We know that you are hopping mad for the Sri Lankan bowl-shaped pancake, known as the hopper.
And, no doubt, the queue will only snake longer now as Lankan Filling Station has just announced to SBS that their final market day will be 16 September.
That’s only 4 more times Sydney eaters can get their hop on at the Carriageworks markets to sample owner and chef O Tama Carey’s hoppers and curries like these:
This sunny-side-up number kicks bacon ‘n’ egg rolls to the curb. Carey plops a biodynamic egg in the base and cooks the hopper until the yolk is lava-runny. It comes with your choice of condiments: addictive pol sambol (freshly grated coconut, lime juice, chilli powder and Maldive fish - like dried anchovies) or seeni sambol (onion cooked down with jaggery and sweet spices until caramelised, pictured), plus her curry of the day. (Our tip is to do the trifecta: both sambols and a curry - and pickled green chillis, for the brave.)
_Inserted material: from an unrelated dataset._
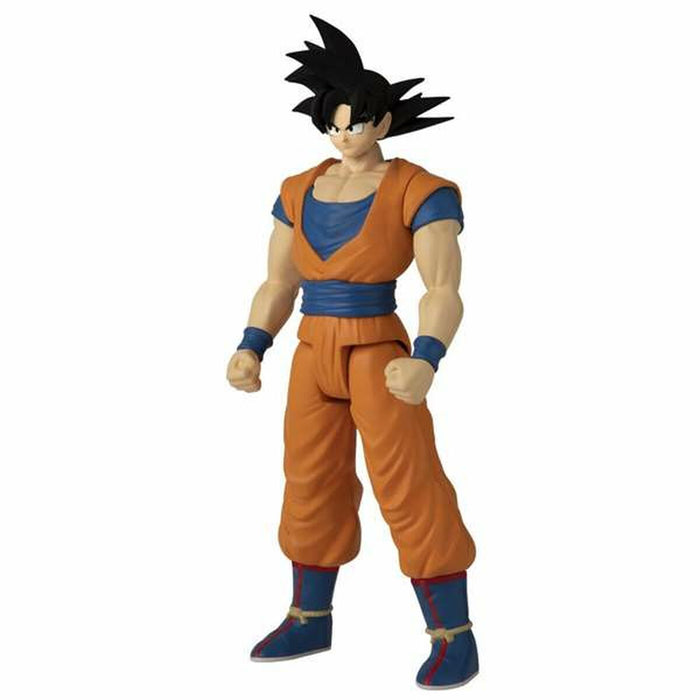 Action Figure Bandai Goku Limit Breaker Series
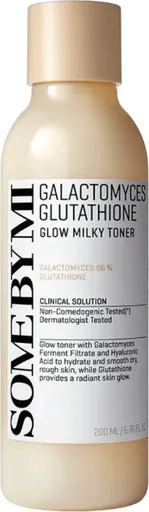 Some By Mi Tonic facial lăptos, tonifiant Galactomyces Glutathione (Glow Milky Toner) 200 ml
Lamb curry with roasted black pepper and fennel seeds
Beef shin and roasted curry powder
Dutch cream potato, roasted garlic and green chilli curry
This will be on tomorrow’s menu - plant eaters, this one’s for you!
Filled with grated jaggery (a dark Sri Lankan palm sugar) and coconut cream (also on tomorrow’s menu).
Did we mention that hoppers are gluten free?
Hoppers are traditionally made from rice, coconut milk and water. That’s it. Carey uses organic white rice, stone-ground to her specifications, which is made into a batter that is fermented overnight, giving her hoppers a distinctive savoury tang and lace-like texture.
But where is Lankan Filling Station going?
Hopper addicts, fear not. Carriageworks markets have been Lankan Filling Station’s temporary home since April but Carey is looking for a permanent commercial site in Sydney, where she (and we) can live out our hopper dreams not only on Saturdays but everyday of the week.
Lankan Filling Station, Saturday 8am–1pm, Carriageworks Farmer's Markets, until 16 September (except 2 September), then popping up somewhere in Sydney.